- **Directions for this task**
In this exercise, the entries below include pictures. Repeat exactly the lines from the line with "Cloud Trash Japanese Movie photo" to the line with "Palmetto Road Shenandoah", including both, but without the pictures.

- **The records**
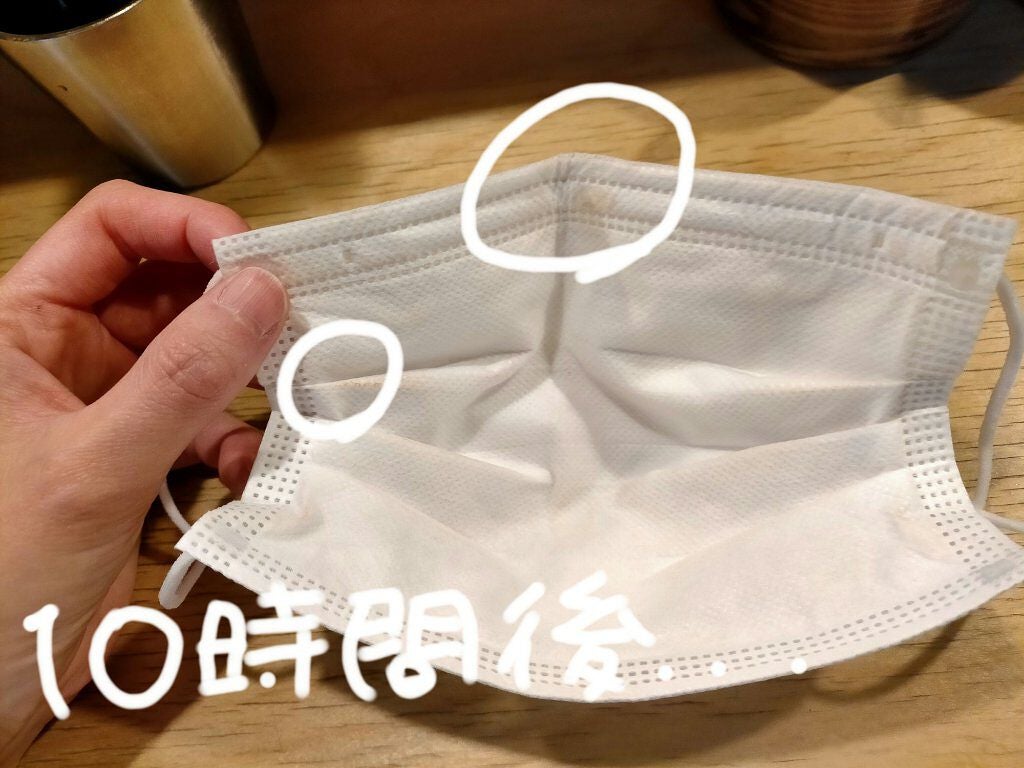 ネオクッション マット/LANEIGE/クッションファンデーションを使ったクチコミ(5枚目)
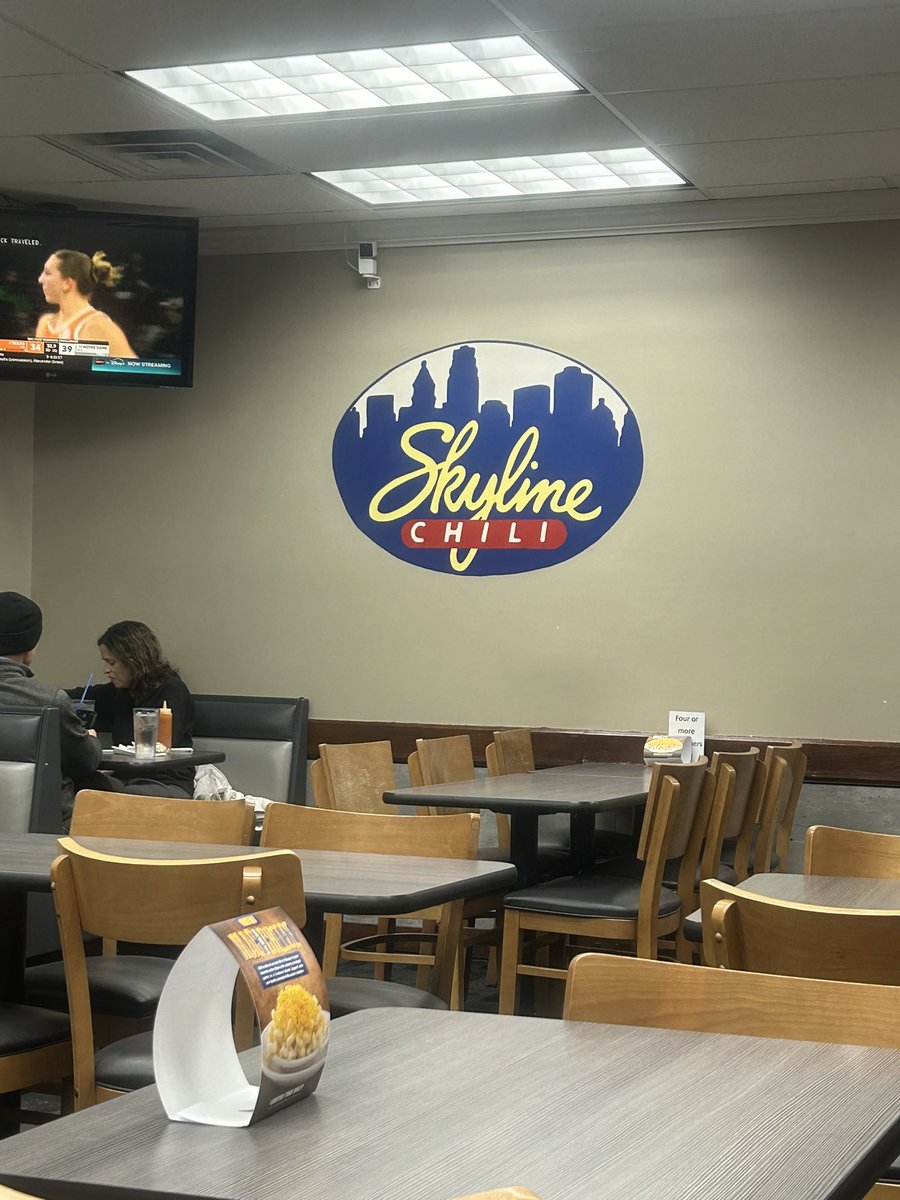 Brad Elliott Schlossman tweet media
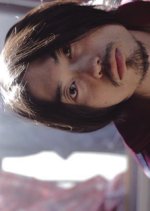 Cloud Trash Japanese Movie photo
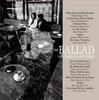 The Ballad (LP) [Analog]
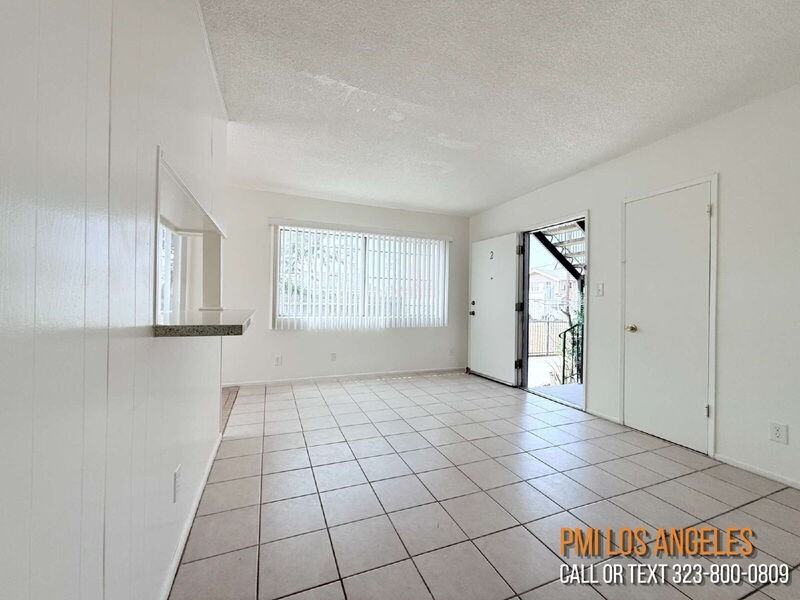 1224 S Normandie Ave #2 - Photo 4 of 8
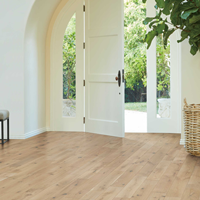 Palmetto Road Shenandoah Cascade French Oak Prefinished Engineered Wood Floors on sale at wholesale prices by Reserve Hardwood Flooring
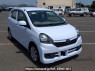 Used 2016 AT subaru pleo-plus LA300F Image[0]
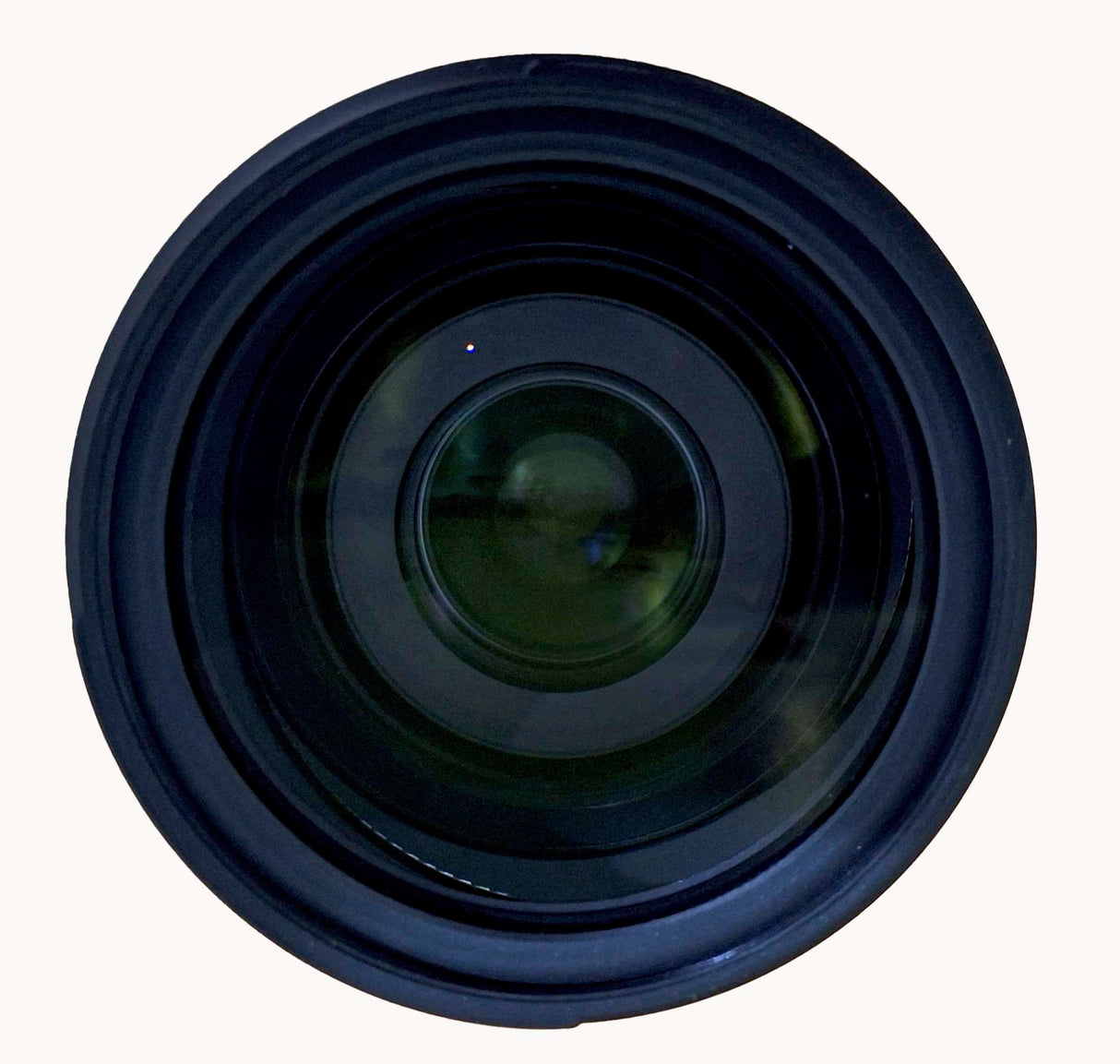 tamron70-210mm F/4 Di VC USD4fa1314c-1e82-42ad-a8a9-26af33076e90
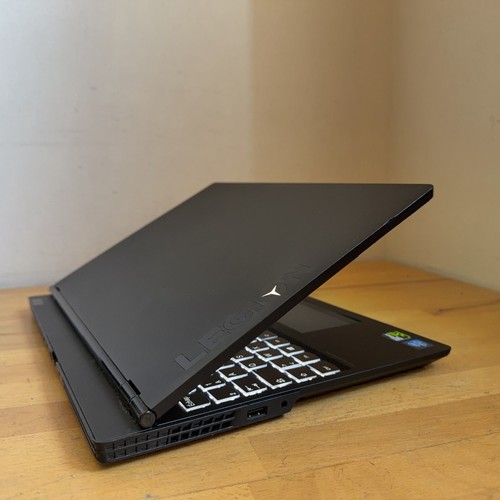 Portable gamer lenovo - gamer,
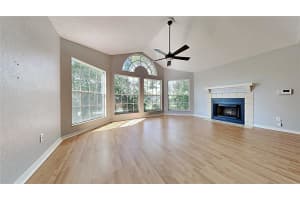 935 Northern Dancer Way, Casselberry, FL 32707, Sold 12/03/21
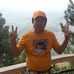 David Wee - Facebook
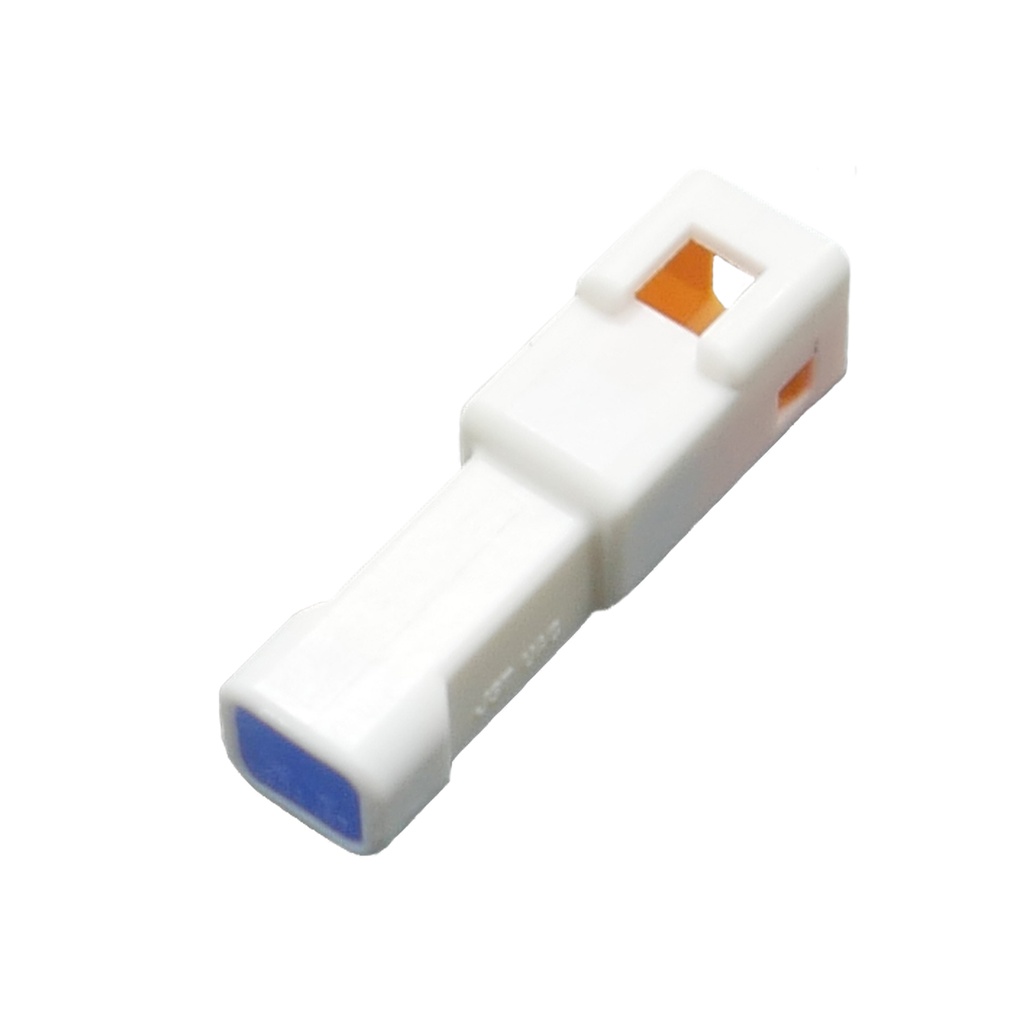 JWPF-Stecker-Stift-2-polig-ged_33-1147_1368_1.jpg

- **Result for this exercise**
 Cloud Trash Japanese Movie photo
 The Ballad (LP) [Analog]
 1224 S Normandie Ave #2 - Photo 4 of 8
 Palmetto Road Shenandoah Cascade French Oak Prefinished Engineered Wood Floors on sale at wholesale prices by Reserve Hardwood Flooring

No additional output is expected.